Exercise directions
For the entries below, print exactly the lines between the line holding "Play in the" and the line holding "30000mAh Solar Wireless", inclusive, and nothing else.

Excerpted records
□ □ □

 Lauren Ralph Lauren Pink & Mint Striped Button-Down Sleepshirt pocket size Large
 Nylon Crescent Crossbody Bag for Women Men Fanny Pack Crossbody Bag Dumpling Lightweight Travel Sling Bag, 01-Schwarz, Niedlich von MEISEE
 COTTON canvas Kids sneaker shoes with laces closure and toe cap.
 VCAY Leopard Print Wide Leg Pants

□ □ □

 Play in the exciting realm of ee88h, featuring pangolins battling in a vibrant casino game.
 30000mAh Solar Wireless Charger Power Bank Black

□ □ □

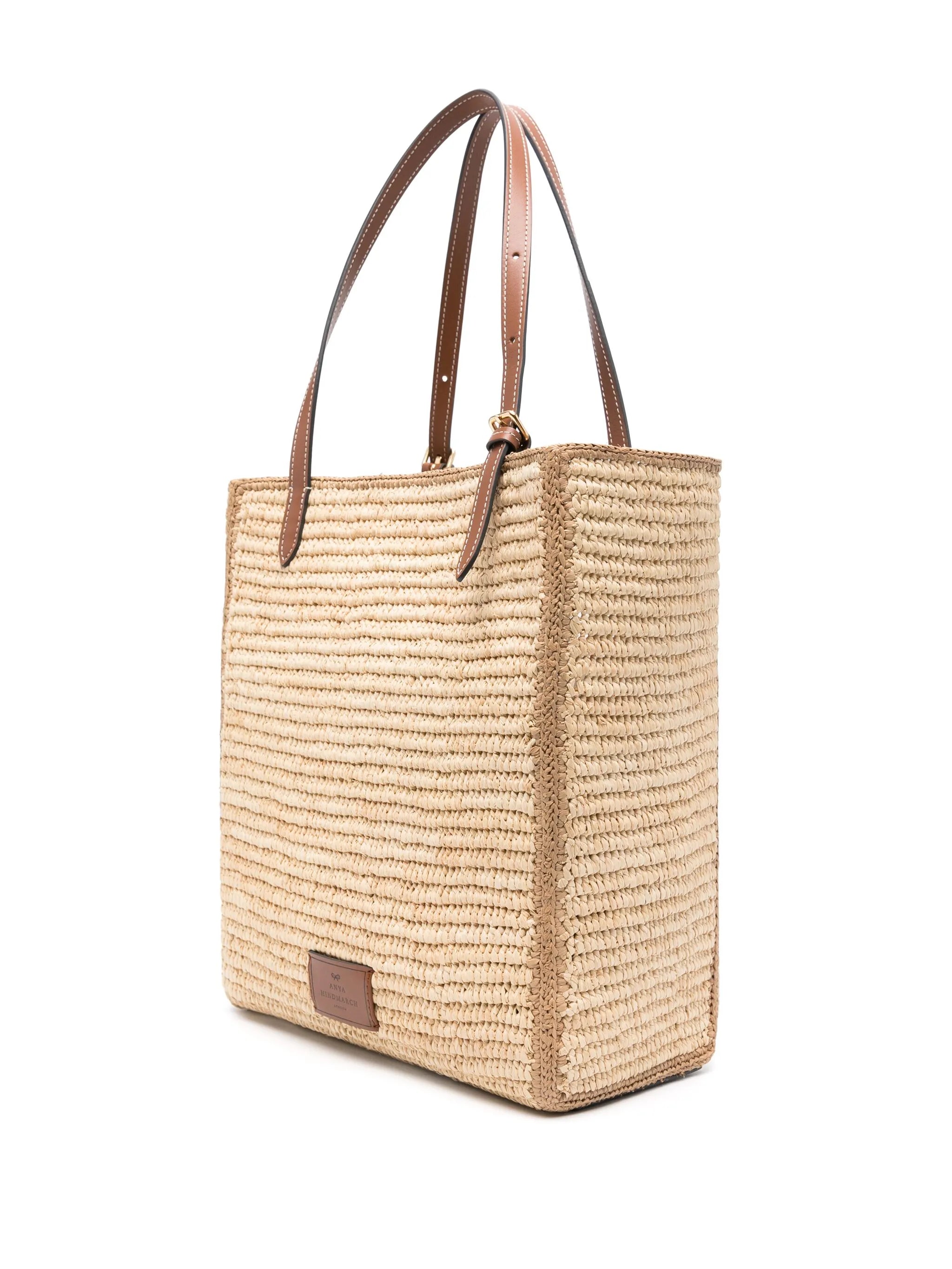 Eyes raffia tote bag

□ □ □

Task response
 Play in the exciting realm of ee88h, featuring pangolins battling in a vibrant casino game.
 30000mAh Solar Wireless Charger Power Bank Black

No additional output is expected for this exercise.